┏━━

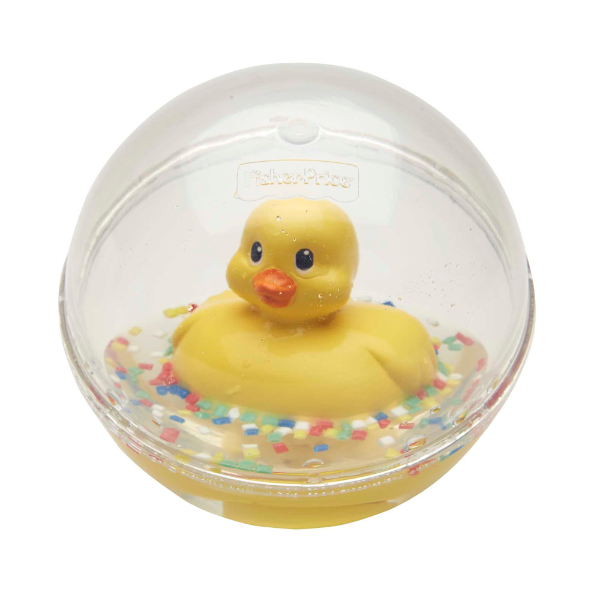 Fisher-Price Утенок в шаре
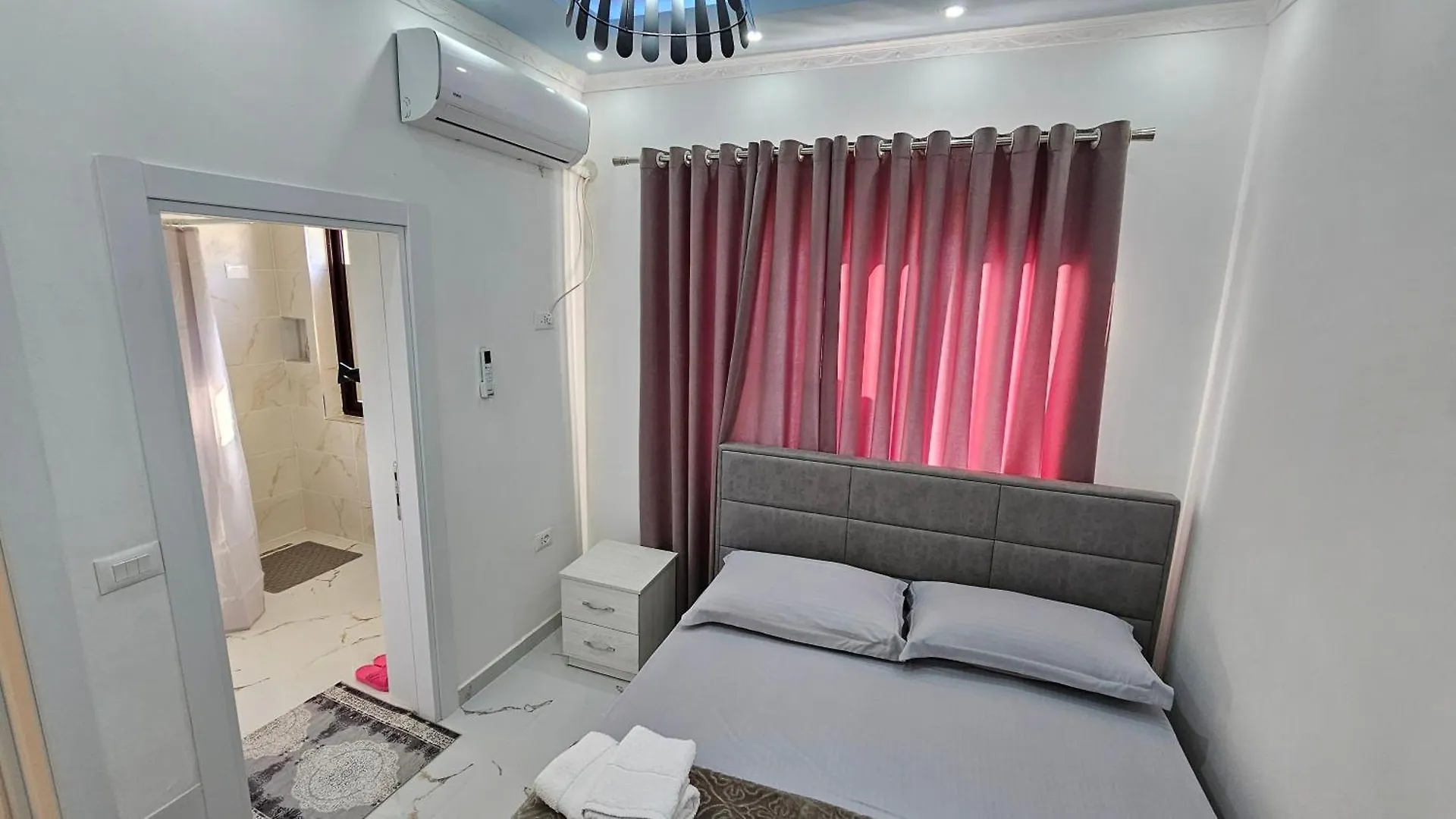 Hotel Casa Vacanze Široka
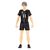 Haikyu!! Collekazaro Action Figure CK-H10 Osamu Miya 11 cm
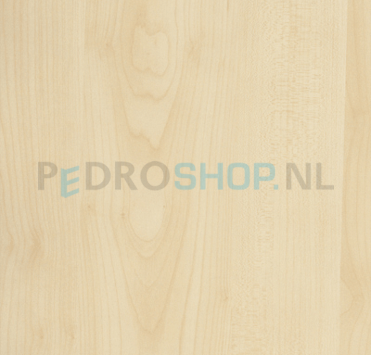 Bureaublad DSQ 180*80, ahorn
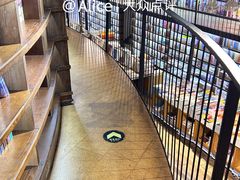 -三联韬奋书店(三里屯店)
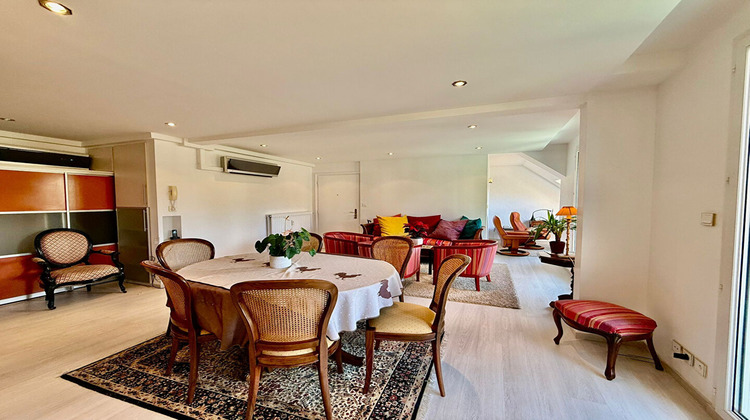Ma-Cabane - Vente Appartement RUMILLY, 82 m²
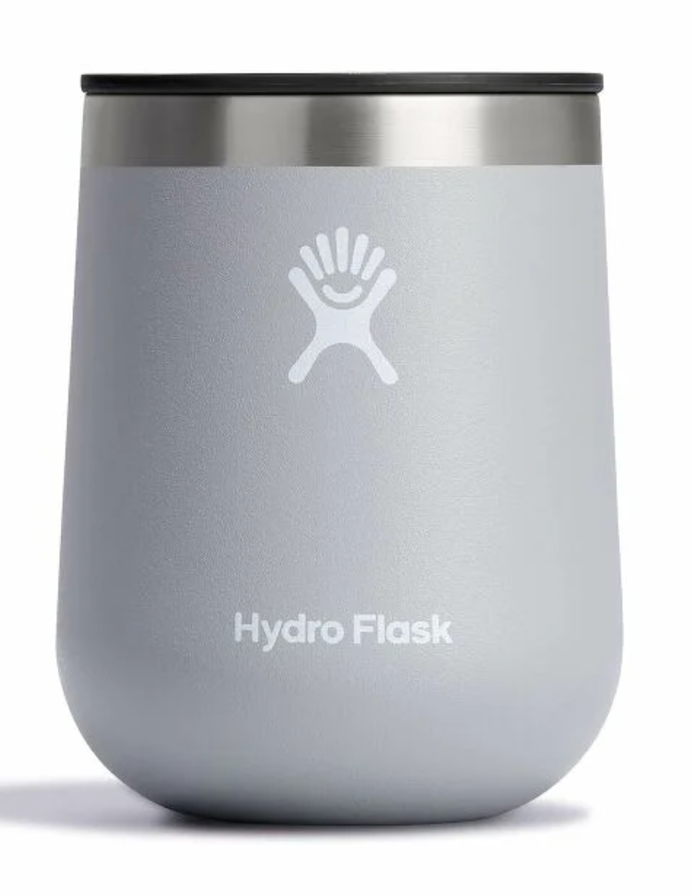 Hydro Flask 10oz Ceramic Wine Tumbler
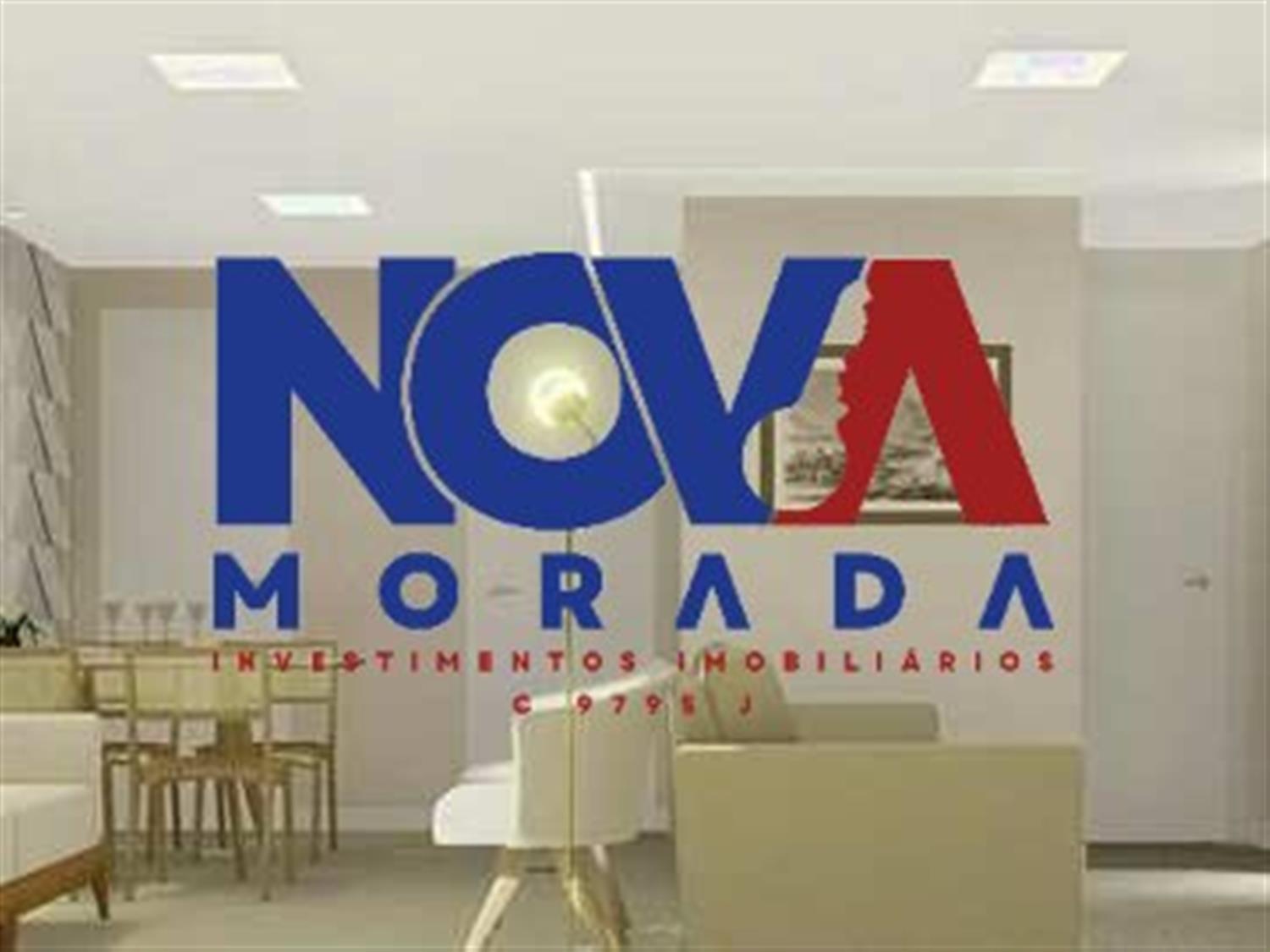 Apartamento, 2 quartos, 58 m² - Foto 6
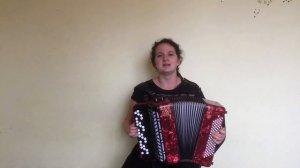 Что такое осень. Урок 65. Школа игры на баяне «На баяне с Натали»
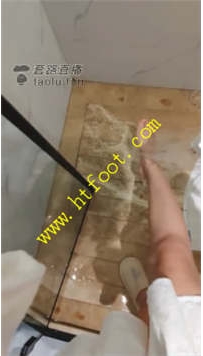 TL22443 奈奈】2000ML圣水灌饱沐浴大战33分钟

┗━━

*PROBLEM TO SOLVE*. Transcribe the listing above exactly, leaving every picture out.

*RESPONSE BOX*.
 Fisher-Price Утенок в шаре
 Hotel Casa Vacanze Široka
 Haikyu!! Collekazaro Action Figure CK-H10 Osamu Miya 11 cm
 Bureaublad DSQ 180*80, ahorn
 -三联韬奋书店(三里屯店)
Ma-Cabane - Vente Appartement RUMILLY, 82 m²
 Hydro Flask 10oz Ceramic Wine Tumbler
 Apartamento, 2 quartos, 58 m² - Foto 6
 Что такое осень. Урок 65. Школа игры на баяне «На баяне с Натали»
 TL22443 奈奈】2000ML圣水灌饱沐浴大战33分钟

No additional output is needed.